A Unified Method for the Mobility Prediction of an Inelastic Non-Newtonian Fluid Through Complex Porous Media

Abstract

In this work, we propose a novel method to quantify flows of inelastic non-Newtonian fluids in porous media based on the energy dissipation rate. Unlike the permeability of a Newtonian fluid with Darcy's law, the permeability of a non-Newtonian fluid shows complicated behaviors due to non-separable effects of the geometry and rheology. We suggest a simple energy dissipation-based flow characterization method to resolve this problem, employing the concepts of effective viscosity and effective shear rate. These effective quantities can be defined with two flow numbers (the energy dissipation rate coefficient and the effective shear rate coefficient) independent of fluid rheology. New expressions for the permeability of Newtonian and mobility of non-Newtonian fluids were derived for model porous media in this approach. We show that the mobility (a ratio of permeability to viscosity) of a non-Newtonian fluid for a given porous media can be factored into the permeability of Newtonian fluid and the effective viscosity, exactly the same as in case of a Newtonian fluid.
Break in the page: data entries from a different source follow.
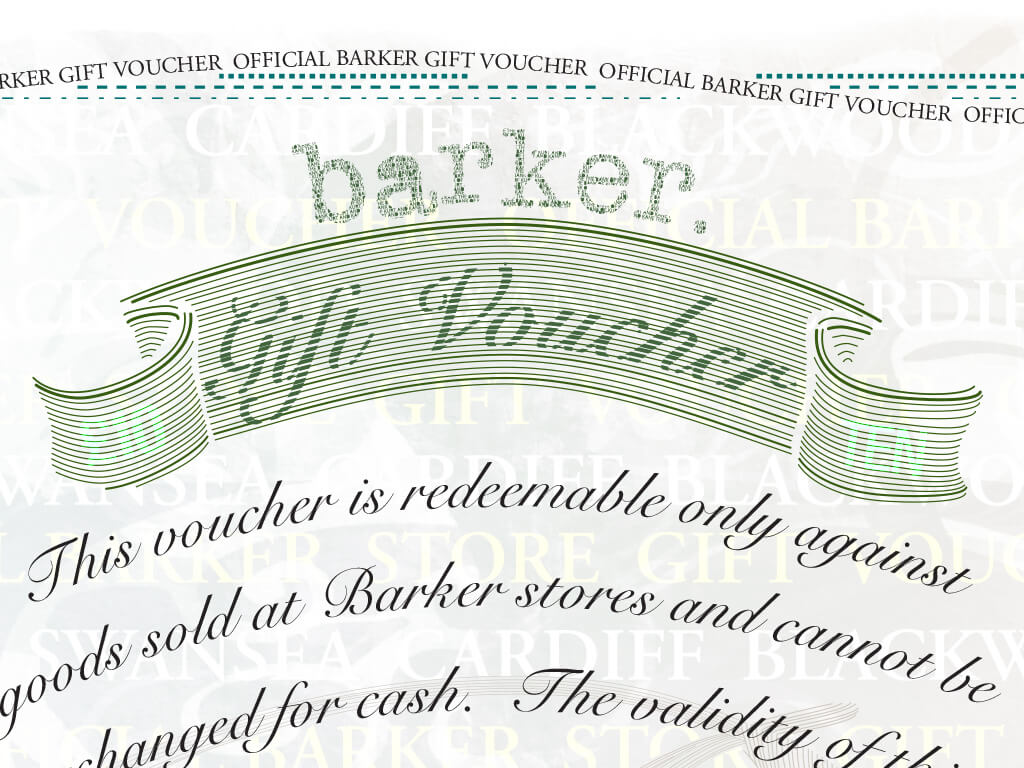 Barker clothing store promotion, for Robert Barker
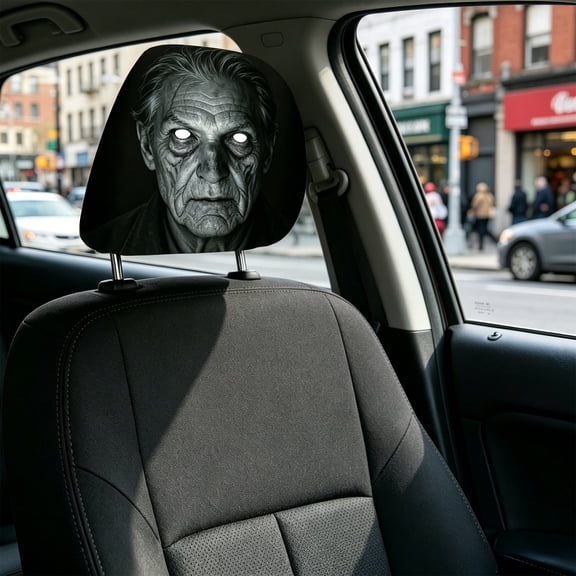 Halloween Face Print Stretch Car Headrest Cover Set O, Universal Elastic Seat Protector, Spooky Car Interior Decoration Accessories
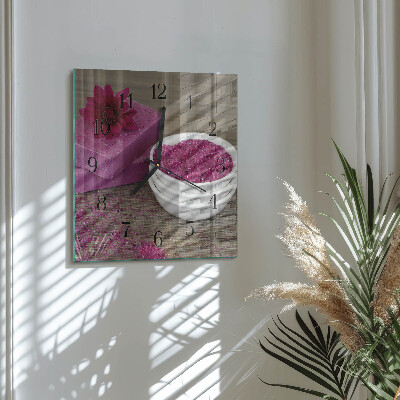 Glass clock square Flower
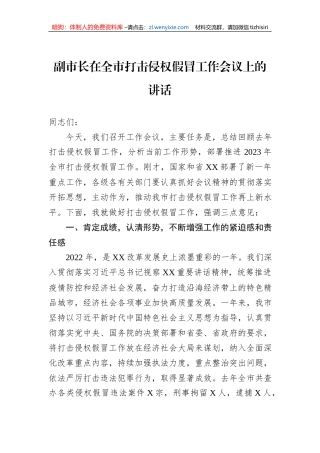 副市长在全市打击侵权假冒工作会议上的讲话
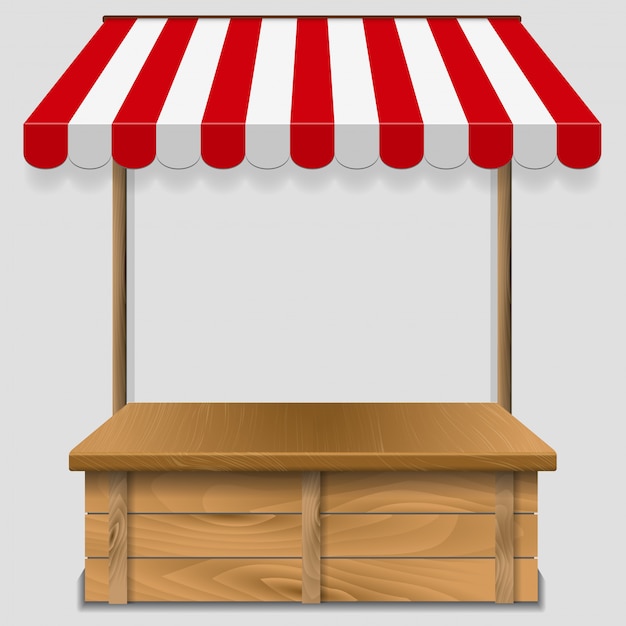 Store window  with striped awning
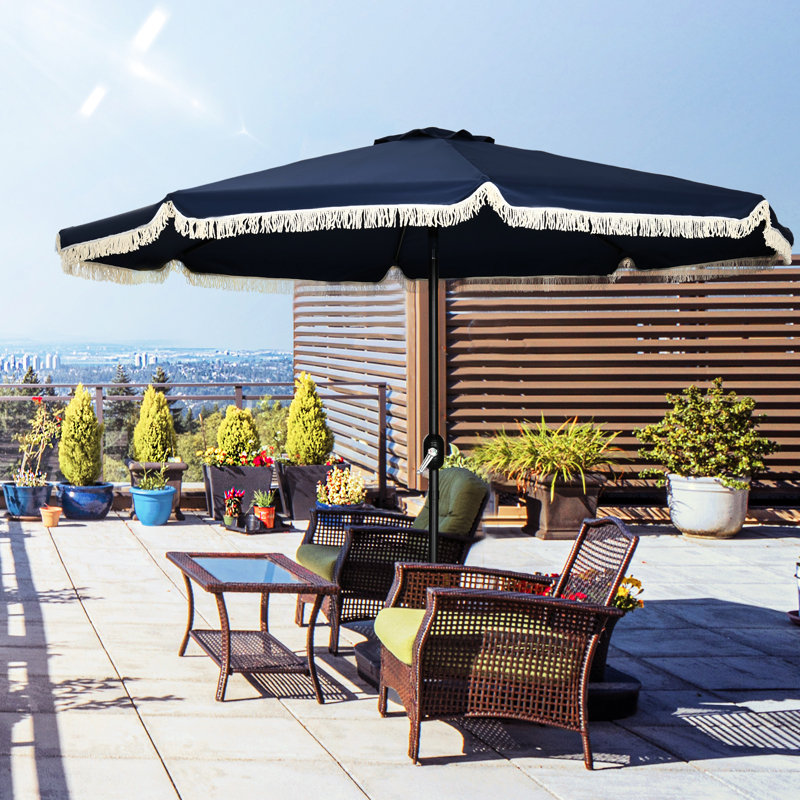 Parasol bleu foncé 9 pi, patio avec inclinaison et manivelle, idéal pour la piscine à manivelle extérieure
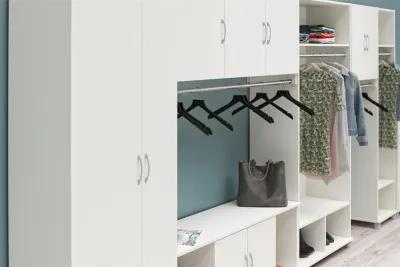 Basin Tall Asymmetrical Storage Cabinet with Adjustable Shelving and Feet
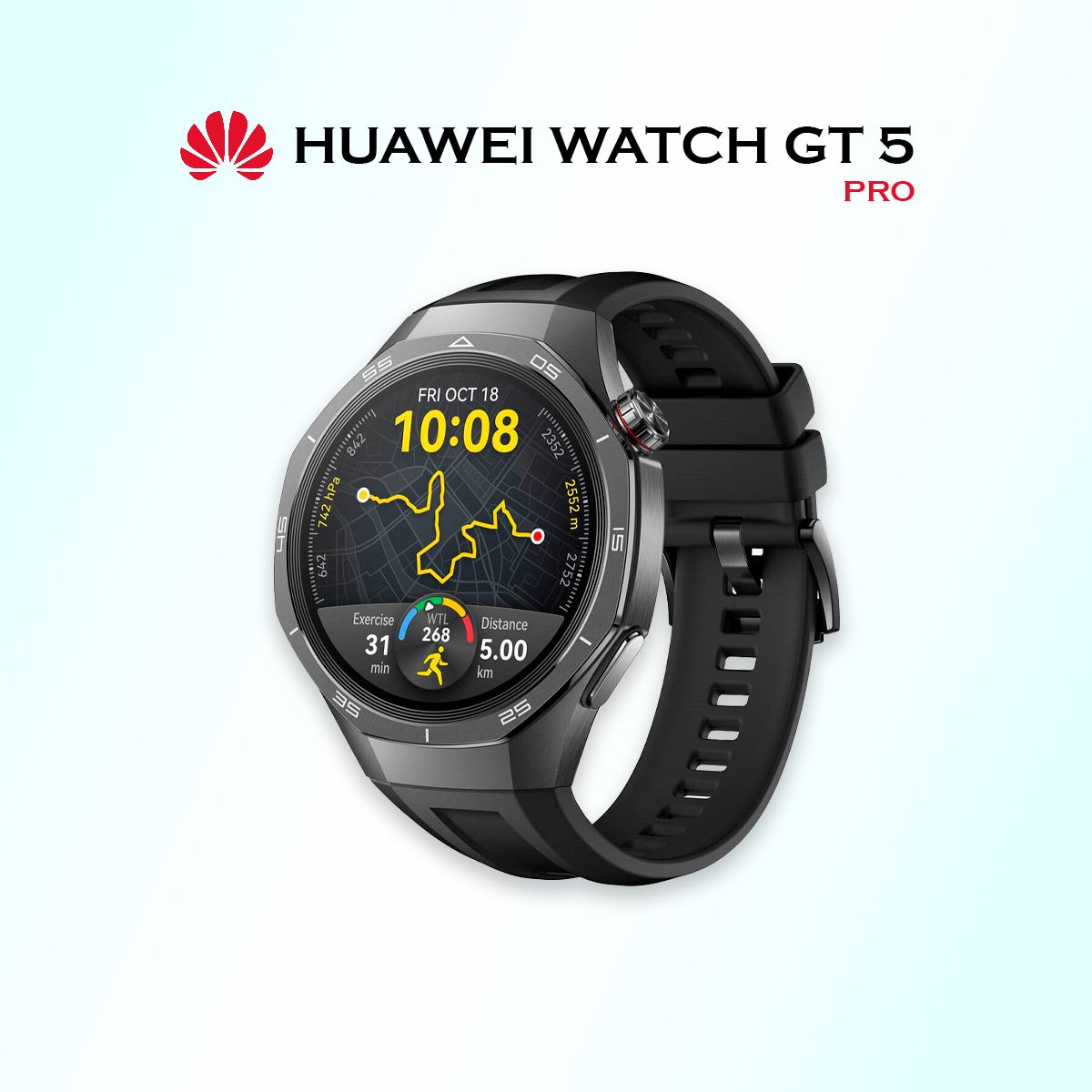 УмныечасыHUAWEIWATCHGT5Pro,VLI-B29,46мм,черные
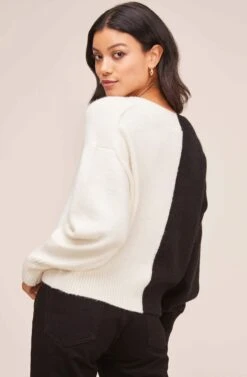 Tandem Color Block Sweater -Astr The Label Shop AT15602 BLACK IVORY 5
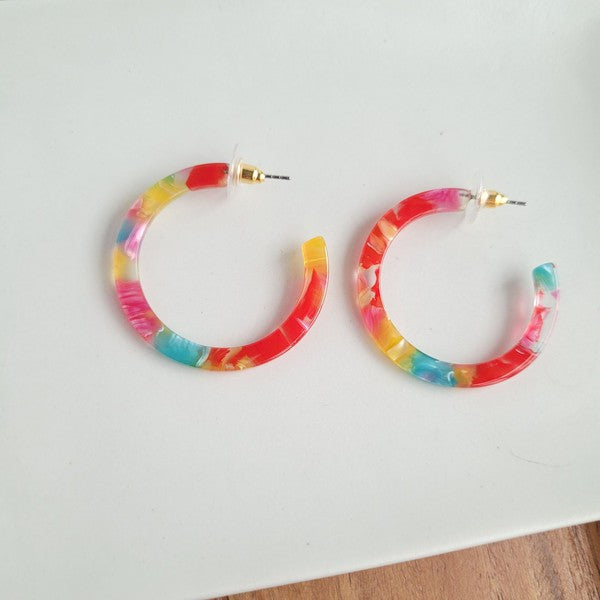 Camy Hoops - Rainbow Confetti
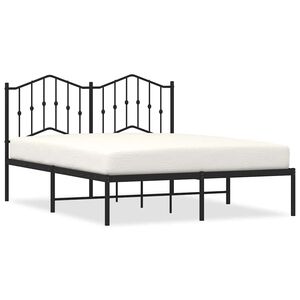 vidaXL Cadre de lit métal sans matelas avec tête de lit noir 150x200cm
The proposed quantification method was validated through example problems of flows using numerical simulations (1) in two-dimensional (2D) transverse fibrous porous media (quadratic and hexagonal), (2) flows in three-dimensional (3D) regularly packed beds with spheres (faced-centered cubic and body-centered cubic), and (3) finally randomly distributed unidirectional fibers in 2D. The suggested method can quantitatively assess tortuous path in porous electrode for electrolyte transport and in the secondary oil recovery, offering the potential to optimize performance and efficiency in these applications.